• [DATA FOR THIS EXERCISE]
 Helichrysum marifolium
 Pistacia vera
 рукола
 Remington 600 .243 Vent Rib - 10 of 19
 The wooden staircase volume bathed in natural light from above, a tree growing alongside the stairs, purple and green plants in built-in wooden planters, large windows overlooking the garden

---

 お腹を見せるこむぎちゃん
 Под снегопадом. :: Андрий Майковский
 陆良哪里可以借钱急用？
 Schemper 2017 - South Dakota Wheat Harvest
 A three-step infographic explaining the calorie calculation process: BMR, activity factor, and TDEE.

• [REQUIRED WORK]
All lines above from the one with "Helichrysum marifolium" to the one with "The wooden staircase", inclusive, should be copied exactly, and no other lines.

• [TASK RESPONSE]
 Helichrysum marifolium
 Pistacia vera
 рукола
 Remington 600 .243 Vent Rib - 10 of 19
 The wooden staircase volume bathed in natural light from above, a tree growing alongside the stairs, purple and green plants in built-in wooden planters, large windows overlooking the garden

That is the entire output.